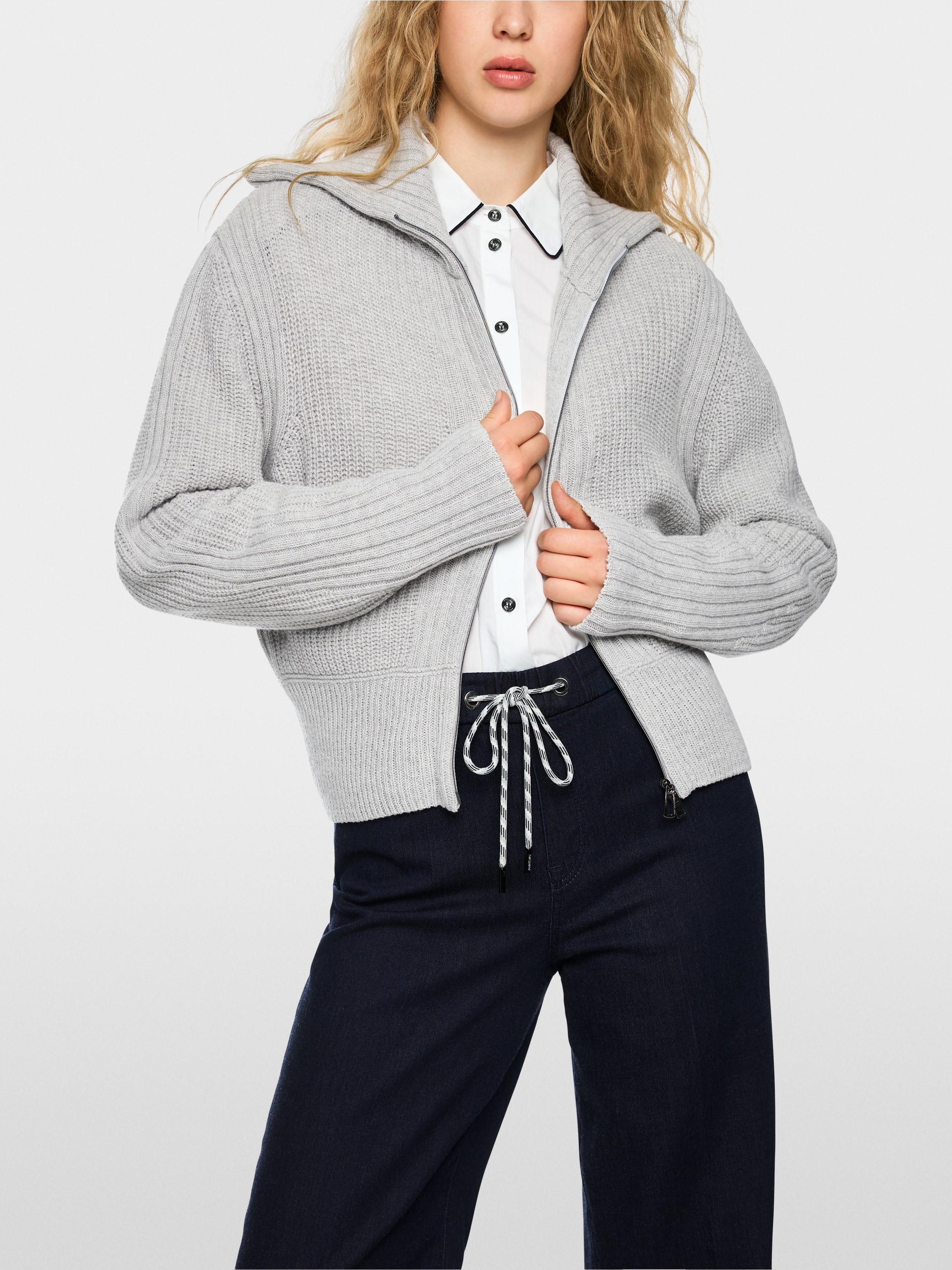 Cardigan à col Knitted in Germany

* * *

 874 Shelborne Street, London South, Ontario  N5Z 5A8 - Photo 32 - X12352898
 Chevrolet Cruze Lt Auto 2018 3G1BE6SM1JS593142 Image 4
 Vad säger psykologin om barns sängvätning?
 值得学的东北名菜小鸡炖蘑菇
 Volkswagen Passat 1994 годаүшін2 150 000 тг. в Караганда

_WORK TASK_:
Copy the lines above exactly. Start with the line containing "Vad säger psykologin om barns sängvätning?", end with the line containing "Volkswagen Passat 1994", and include both.

_SOLUTION TO THE PROBLEM_:
 Vad säger psykologin om barns sängvätning?
 值得学的东北名菜小鸡炖蘑菇
 Volkswagen Passat 1994 годаүшін2 150 000 тг. в Караганда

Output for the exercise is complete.